UPC/UPC++ for parallel programming and computing
UPC++: a PGAS library for high performance computing
UPC++ is a library that implements the Asynchronous PGAS model. We are revising the library under the auspices of the DOE's Exascale Computing Project, to meet the needs of applications requiring PGAS support. UPC++ is intended for implementing elaborate distributed data structures where communication is irregular or fine-grained. The UPC++ interfaces for moving non-contiguous data and handling memories with different optimal access methods are composable and closely resemble those used in conventional C++.
The key abstractions in UPC++ are global pointers, that enable the programmer to express ownership information for improving locality, and asynchronous programming via RPC, also known as function shipping, and futures. Futures enable the programmer to capture data readiness state, which is useful in making scheduling decisions, or to chain together a DAG of operations to execute asynchronously as high-latency dependencies become satisfied.
The UPC++ programmer can expect communication to run at close to hardware speeds. To this end, UPC++ runs atop the GASNet communication library and takes advantage of GASNet's low-overhead communication as well as access to any special hardware support, e.g. RDMA.
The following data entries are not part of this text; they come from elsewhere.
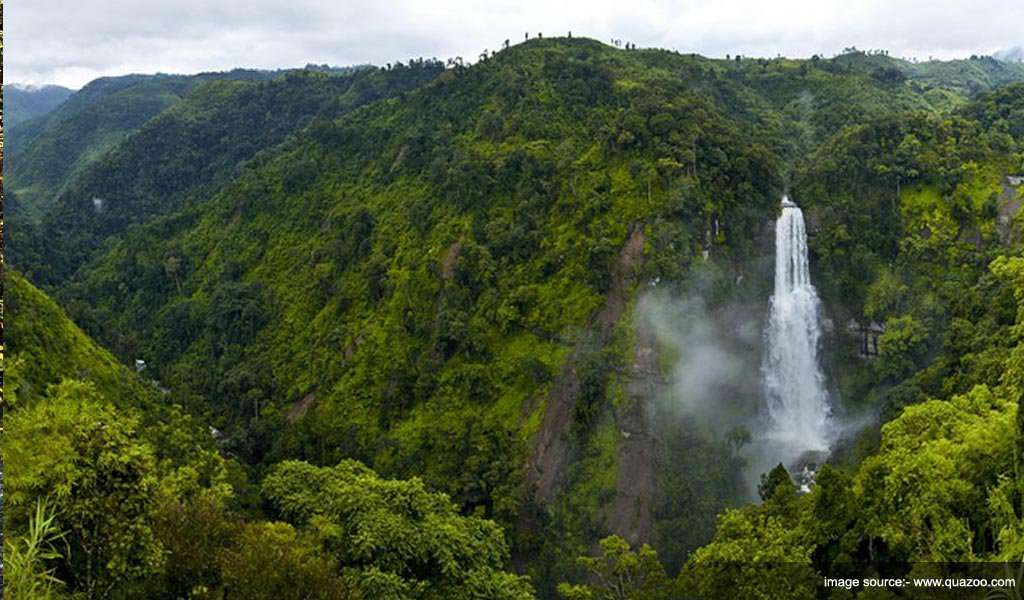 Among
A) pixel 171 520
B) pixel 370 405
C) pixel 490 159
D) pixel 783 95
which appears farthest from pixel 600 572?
pixel 783 95

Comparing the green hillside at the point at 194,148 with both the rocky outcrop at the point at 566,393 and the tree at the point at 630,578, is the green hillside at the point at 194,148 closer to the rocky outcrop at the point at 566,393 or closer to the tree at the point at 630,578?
the rocky outcrop at the point at 566,393

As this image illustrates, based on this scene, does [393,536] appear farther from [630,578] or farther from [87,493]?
[87,493]

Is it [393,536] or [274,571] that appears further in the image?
[393,536]

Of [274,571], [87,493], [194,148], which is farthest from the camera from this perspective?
[194,148]

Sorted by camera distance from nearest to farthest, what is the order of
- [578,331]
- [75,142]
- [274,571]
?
[274,571] → [578,331] → [75,142]

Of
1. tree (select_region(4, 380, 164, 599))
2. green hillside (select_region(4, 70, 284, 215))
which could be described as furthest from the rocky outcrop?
green hillside (select_region(4, 70, 284, 215))

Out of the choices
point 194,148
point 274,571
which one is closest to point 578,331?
point 274,571

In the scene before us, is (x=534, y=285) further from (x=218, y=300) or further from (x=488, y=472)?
(x=218, y=300)

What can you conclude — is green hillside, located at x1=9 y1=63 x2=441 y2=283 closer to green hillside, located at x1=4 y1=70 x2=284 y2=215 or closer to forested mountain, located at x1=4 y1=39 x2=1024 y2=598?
green hillside, located at x1=4 y1=70 x2=284 y2=215
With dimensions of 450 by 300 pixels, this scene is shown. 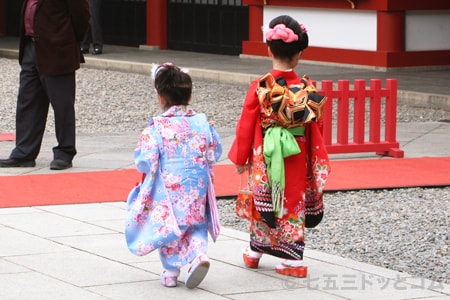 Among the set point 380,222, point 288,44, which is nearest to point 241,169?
point 288,44

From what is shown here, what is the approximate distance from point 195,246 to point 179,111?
28.3 inches

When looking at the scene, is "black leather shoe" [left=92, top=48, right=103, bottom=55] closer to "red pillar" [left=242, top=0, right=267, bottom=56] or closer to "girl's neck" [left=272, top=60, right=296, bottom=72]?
"red pillar" [left=242, top=0, right=267, bottom=56]

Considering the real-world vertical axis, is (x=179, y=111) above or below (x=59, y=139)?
above

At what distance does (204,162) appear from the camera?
6.30 meters

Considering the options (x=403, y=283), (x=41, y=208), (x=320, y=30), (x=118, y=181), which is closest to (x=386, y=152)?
(x=118, y=181)

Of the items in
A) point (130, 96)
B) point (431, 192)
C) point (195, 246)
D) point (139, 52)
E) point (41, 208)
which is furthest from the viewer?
point (139, 52)

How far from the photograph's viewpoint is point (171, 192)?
6.22 meters

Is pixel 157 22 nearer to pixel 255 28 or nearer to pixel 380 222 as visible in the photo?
pixel 255 28

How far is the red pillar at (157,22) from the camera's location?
76.7ft

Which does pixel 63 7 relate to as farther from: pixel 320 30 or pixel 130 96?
pixel 320 30

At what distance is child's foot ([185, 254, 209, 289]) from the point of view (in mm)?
6020

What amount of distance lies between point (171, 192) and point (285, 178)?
65 cm

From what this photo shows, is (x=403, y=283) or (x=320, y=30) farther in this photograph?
(x=320, y=30)

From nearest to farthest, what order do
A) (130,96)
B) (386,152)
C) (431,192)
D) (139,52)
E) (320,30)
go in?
(431,192)
(386,152)
(130,96)
(320,30)
(139,52) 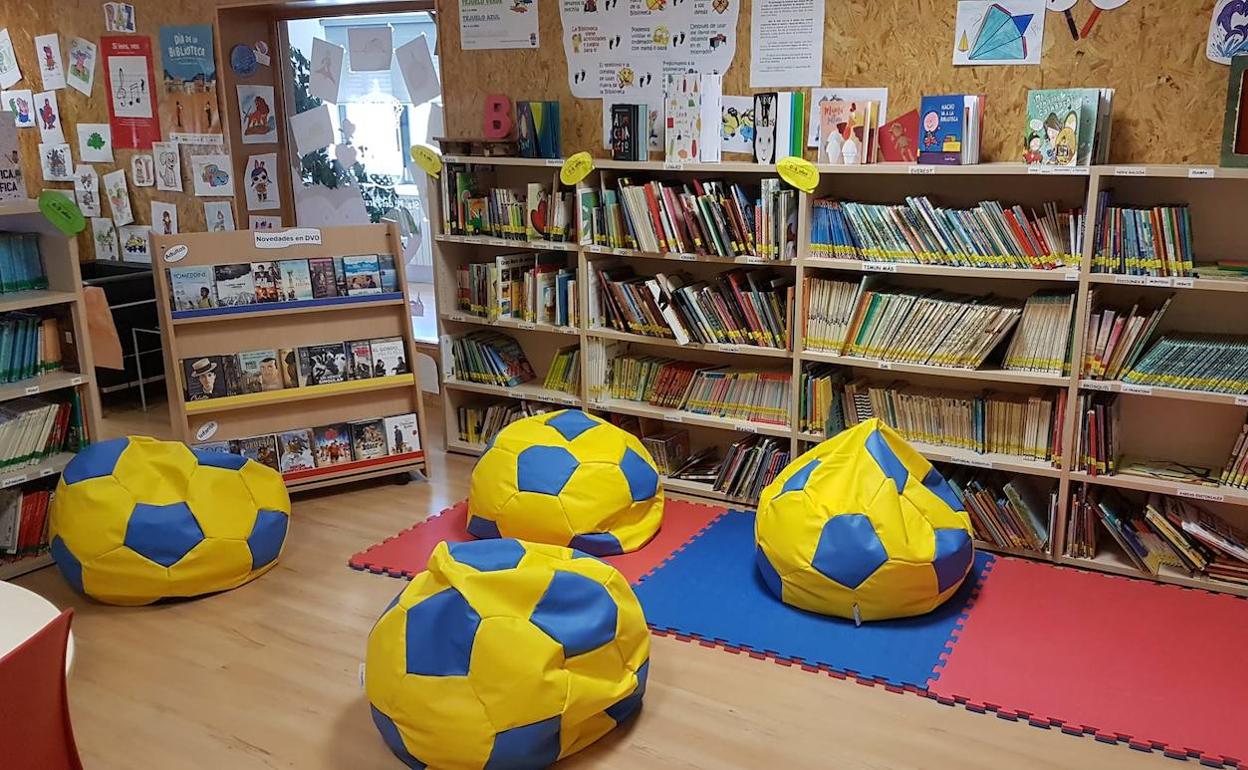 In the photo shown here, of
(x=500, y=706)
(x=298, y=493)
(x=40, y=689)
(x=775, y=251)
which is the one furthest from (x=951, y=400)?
(x=40, y=689)

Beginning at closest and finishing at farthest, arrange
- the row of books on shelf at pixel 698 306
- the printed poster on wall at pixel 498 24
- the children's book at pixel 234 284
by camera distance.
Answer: the row of books on shelf at pixel 698 306, the children's book at pixel 234 284, the printed poster on wall at pixel 498 24

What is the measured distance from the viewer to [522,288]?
15.9 feet

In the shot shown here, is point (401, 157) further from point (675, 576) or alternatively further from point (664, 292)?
point (675, 576)

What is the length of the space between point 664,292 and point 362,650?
1960 millimetres

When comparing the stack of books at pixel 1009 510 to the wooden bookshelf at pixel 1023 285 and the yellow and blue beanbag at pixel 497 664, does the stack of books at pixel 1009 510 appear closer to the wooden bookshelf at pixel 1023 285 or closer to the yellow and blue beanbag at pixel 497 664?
the wooden bookshelf at pixel 1023 285

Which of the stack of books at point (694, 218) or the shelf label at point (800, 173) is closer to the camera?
the shelf label at point (800, 173)

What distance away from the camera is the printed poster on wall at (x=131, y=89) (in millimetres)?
6301

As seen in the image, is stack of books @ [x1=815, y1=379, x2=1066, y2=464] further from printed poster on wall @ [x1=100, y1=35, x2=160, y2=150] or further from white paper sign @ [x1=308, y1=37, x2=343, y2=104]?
printed poster on wall @ [x1=100, y1=35, x2=160, y2=150]

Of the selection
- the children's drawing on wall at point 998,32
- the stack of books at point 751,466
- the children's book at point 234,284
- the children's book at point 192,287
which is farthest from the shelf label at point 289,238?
the children's drawing on wall at point 998,32

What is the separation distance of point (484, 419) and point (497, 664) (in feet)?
8.96

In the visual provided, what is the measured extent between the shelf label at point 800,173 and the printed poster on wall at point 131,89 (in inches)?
169

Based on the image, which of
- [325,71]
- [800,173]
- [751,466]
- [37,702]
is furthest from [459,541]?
[325,71]

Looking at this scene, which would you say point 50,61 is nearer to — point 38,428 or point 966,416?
point 38,428

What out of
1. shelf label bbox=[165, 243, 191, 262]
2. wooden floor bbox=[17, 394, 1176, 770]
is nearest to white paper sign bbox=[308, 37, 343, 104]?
shelf label bbox=[165, 243, 191, 262]
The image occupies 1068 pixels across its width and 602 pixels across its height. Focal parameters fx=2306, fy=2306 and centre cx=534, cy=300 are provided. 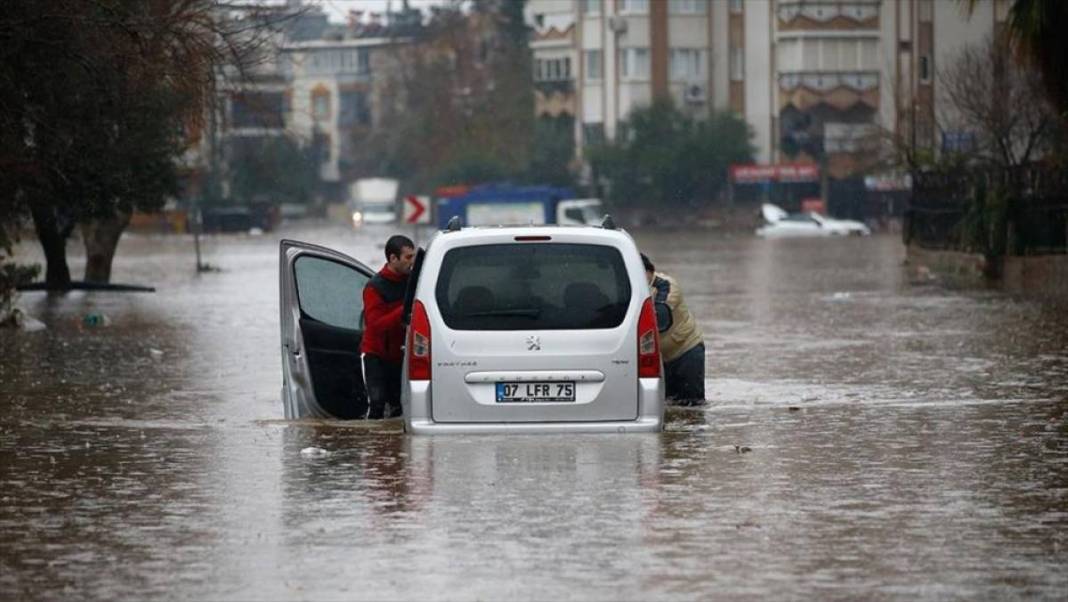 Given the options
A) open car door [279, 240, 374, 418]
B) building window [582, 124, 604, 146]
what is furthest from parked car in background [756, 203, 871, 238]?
open car door [279, 240, 374, 418]

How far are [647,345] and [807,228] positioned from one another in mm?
78026

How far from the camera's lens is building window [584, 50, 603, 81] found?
111375mm

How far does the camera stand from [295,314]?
15.6 metres

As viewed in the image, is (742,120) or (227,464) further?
(742,120)

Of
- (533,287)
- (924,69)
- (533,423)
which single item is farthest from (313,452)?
(924,69)

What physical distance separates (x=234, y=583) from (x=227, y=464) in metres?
4.29

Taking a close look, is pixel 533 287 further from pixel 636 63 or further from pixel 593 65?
pixel 593 65

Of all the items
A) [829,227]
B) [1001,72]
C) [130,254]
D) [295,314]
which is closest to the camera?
[295,314]

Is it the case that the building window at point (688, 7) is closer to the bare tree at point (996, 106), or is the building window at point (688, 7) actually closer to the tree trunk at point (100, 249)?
the bare tree at point (996, 106)

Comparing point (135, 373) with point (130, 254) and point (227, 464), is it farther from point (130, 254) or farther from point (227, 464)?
point (130, 254)

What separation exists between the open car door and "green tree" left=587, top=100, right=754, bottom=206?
86551mm

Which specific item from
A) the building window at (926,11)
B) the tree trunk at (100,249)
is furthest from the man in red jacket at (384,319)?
the building window at (926,11)

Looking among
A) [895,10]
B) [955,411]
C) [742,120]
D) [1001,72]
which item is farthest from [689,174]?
[955,411]

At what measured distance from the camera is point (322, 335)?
53.3ft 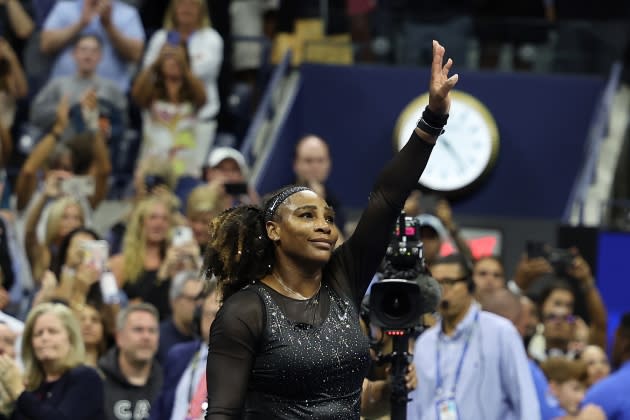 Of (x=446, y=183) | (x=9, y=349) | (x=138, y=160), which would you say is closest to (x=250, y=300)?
(x=9, y=349)

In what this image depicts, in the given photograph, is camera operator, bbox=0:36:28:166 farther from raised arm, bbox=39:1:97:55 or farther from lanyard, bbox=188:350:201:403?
lanyard, bbox=188:350:201:403

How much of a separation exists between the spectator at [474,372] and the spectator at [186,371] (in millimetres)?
995

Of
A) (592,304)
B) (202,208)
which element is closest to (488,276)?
(592,304)

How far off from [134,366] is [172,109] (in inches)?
165

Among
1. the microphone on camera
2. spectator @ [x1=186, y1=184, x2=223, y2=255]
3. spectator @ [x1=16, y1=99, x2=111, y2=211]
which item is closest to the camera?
the microphone on camera

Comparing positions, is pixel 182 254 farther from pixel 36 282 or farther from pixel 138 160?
pixel 138 160

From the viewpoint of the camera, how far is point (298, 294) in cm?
509

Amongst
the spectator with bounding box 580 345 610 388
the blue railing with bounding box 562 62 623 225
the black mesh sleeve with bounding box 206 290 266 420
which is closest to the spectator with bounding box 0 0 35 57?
the blue railing with bounding box 562 62 623 225

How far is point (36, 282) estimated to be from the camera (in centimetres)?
1080

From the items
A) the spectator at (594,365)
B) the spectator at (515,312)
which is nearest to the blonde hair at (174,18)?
the spectator at (515,312)

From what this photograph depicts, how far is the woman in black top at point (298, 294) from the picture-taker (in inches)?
194

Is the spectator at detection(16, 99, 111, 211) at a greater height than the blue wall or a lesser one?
lesser

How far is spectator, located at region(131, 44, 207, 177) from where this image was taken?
12367 mm

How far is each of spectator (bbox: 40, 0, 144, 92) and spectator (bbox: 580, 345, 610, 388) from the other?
469cm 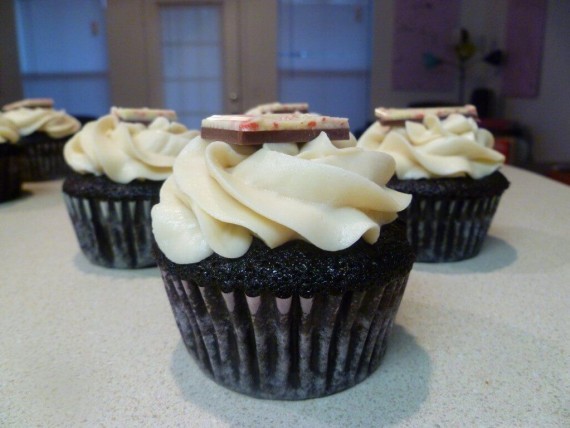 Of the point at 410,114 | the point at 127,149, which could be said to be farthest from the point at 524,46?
the point at 127,149

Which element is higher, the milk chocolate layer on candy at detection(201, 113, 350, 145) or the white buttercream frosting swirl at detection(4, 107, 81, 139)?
the milk chocolate layer on candy at detection(201, 113, 350, 145)

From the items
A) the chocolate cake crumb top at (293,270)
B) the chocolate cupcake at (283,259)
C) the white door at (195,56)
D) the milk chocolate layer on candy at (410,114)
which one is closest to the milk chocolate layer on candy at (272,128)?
the chocolate cupcake at (283,259)

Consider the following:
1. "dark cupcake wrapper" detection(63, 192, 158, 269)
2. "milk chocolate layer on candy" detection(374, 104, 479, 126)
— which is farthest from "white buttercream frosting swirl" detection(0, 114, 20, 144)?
"milk chocolate layer on candy" detection(374, 104, 479, 126)

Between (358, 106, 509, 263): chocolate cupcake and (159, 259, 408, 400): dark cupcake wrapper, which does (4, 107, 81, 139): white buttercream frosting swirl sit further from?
(159, 259, 408, 400): dark cupcake wrapper

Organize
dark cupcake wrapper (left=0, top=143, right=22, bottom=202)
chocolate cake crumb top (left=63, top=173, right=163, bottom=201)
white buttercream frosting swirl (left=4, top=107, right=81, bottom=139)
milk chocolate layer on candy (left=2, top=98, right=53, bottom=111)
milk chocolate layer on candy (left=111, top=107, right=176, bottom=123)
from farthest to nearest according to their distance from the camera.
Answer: milk chocolate layer on candy (left=2, top=98, right=53, bottom=111), white buttercream frosting swirl (left=4, top=107, right=81, bottom=139), dark cupcake wrapper (left=0, top=143, right=22, bottom=202), milk chocolate layer on candy (left=111, top=107, right=176, bottom=123), chocolate cake crumb top (left=63, top=173, right=163, bottom=201)

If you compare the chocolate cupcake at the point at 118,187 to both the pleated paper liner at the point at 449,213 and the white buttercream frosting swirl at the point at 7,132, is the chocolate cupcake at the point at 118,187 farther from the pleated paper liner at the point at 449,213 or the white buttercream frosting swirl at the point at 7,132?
the white buttercream frosting swirl at the point at 7,132

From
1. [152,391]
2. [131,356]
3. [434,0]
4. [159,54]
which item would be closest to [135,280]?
[131,356] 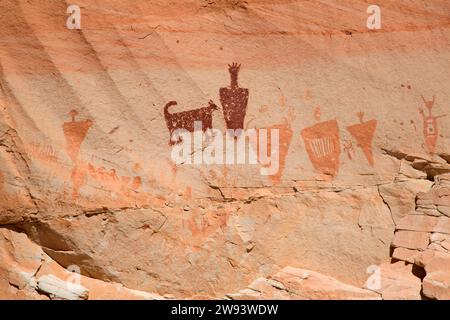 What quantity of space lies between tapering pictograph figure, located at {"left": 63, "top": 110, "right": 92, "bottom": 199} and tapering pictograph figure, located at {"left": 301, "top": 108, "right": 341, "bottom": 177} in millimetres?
1165

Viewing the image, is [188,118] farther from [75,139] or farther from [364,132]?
[364,132]

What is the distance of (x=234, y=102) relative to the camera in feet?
10.7

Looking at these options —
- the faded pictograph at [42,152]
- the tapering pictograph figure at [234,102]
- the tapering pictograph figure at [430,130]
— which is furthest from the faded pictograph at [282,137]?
the faded pictograph at [42,152]

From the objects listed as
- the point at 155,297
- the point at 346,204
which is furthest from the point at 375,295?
the point at 155,297

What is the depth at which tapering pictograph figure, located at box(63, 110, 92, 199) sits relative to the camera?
310 centimetres

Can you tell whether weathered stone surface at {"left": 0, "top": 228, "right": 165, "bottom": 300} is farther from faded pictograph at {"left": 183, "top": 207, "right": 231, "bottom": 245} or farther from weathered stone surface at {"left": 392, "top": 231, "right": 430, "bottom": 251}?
weathered stone surface at {"left": 392, "top": 231, "right": 430, "bottom": 251}

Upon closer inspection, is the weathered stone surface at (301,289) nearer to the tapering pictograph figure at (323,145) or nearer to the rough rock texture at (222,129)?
the rough rock texture at (222,129)

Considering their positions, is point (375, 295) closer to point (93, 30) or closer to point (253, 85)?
point (253, 85)

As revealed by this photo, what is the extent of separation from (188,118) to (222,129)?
0.19 m

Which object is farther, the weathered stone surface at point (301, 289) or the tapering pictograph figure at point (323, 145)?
the tapering pictograph figure at point (323, 145)

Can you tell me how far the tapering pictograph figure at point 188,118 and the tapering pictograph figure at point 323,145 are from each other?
512 millimetres

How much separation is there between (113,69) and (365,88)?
136 cm

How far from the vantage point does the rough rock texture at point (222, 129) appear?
3.06m

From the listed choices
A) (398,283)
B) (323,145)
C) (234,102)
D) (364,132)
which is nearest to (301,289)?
(398,283) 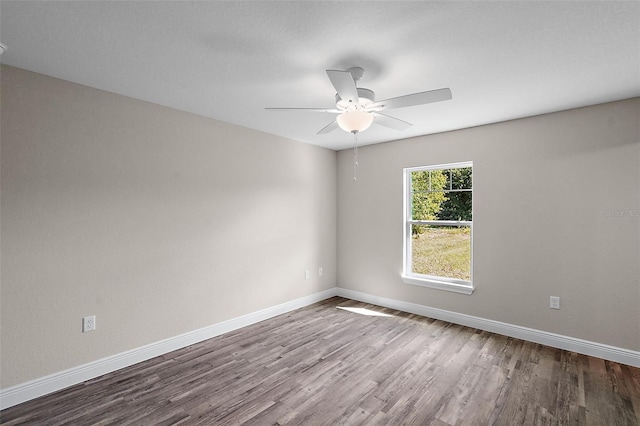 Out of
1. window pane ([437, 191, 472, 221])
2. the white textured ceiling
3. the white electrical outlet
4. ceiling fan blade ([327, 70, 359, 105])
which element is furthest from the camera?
window pane ([437, 191, 472, 221])

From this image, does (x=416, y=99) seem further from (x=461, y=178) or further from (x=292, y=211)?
(x=292, y=211)

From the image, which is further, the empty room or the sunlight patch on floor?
the sunlight patch on floor

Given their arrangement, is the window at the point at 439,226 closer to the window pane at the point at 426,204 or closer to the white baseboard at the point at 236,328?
the window pane at the point at 426,204

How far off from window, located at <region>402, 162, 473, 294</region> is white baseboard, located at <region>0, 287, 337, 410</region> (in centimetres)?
213

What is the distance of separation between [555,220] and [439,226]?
1288 millimetres

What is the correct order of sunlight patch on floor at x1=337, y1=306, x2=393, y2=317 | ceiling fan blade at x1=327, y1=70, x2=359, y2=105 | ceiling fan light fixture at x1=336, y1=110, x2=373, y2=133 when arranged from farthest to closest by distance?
sunlight patch on floor at x1=337, y1=306, x2=393, y2=317 < ceiling fan light fixture at x1=336, y1=110, x2=373, y2=133 < ceiling fan blade at x1=327, y1=70, x2=359, y2=105

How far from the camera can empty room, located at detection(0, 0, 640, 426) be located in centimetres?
190

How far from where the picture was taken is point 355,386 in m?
2.49

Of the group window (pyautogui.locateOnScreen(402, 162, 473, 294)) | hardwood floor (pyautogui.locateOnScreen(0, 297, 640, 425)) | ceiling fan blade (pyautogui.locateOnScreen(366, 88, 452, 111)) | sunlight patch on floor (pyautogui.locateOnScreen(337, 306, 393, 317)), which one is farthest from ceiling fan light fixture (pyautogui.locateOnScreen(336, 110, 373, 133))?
sunlight patch on floor (pyautogui.locateOnScreen(337, 306, 393, 317))

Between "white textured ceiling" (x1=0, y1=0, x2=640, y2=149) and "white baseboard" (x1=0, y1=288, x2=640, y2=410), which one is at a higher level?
"white textured ceiling" (x1=0, y1=0, x2=640, y2=149)

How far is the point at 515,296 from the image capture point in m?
3.46

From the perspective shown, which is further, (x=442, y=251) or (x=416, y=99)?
(x=442, y=251)

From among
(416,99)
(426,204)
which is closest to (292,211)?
(426,204)

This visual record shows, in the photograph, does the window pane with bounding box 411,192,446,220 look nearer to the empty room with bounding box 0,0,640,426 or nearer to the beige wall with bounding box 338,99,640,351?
the empty room with bounding box 0,0,640,426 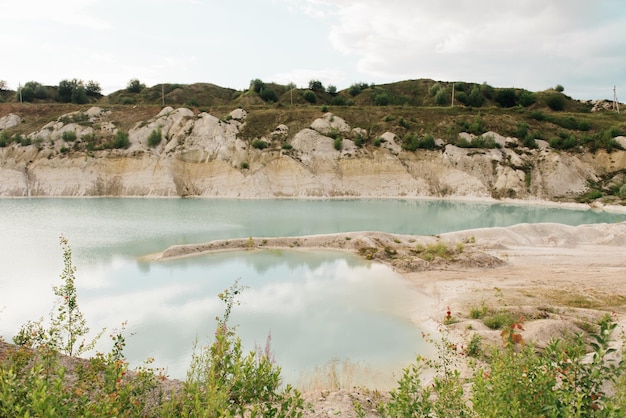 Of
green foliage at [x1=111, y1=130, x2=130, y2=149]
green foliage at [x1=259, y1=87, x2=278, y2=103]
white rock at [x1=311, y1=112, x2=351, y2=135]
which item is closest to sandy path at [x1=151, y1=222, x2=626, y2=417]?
white rock at [x1=311, y1=112, x2=351, y2=135]

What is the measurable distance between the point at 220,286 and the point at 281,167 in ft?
99.7

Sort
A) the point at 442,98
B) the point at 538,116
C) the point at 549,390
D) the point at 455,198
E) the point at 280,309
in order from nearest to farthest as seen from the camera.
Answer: the point at 549,390 < the point at 280,309 < the point at 455,198 < the point at 538,116 < the point at 442,98

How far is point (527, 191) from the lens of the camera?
4131cm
Most of the current programming models are based on the premise that computing is the most expensive component. For example, at the application/algorithm level, the time complexity of an algorithm is analyzed by counting the number of arithmetic operations and ignoring the cost of data movement. At the system level, prominent scheduling mechanisms such as work-stealing aim at keeping all the computing units (i.e., cores) active and ignore the additional cost of data movement caused by several active cores sharing caches.
However, we are entering a big-data era where computing is cheap and massively parallel while data movement dominates performance and energy costs. In order to utilize the next generation of high performance computing systems (i.e., exascale systems), programming models need a paradigm shift from compute-centric to data-
In this talk, I will discuss the possibility to incorporate the data-centric aspect into the partitioned global address space (PGAS) programming paradigm, particularly UPC++. I will present our preliminary results on data-centric UPC++.
Light scattering at nanoparticles. Can parallel computing give us better solar cells?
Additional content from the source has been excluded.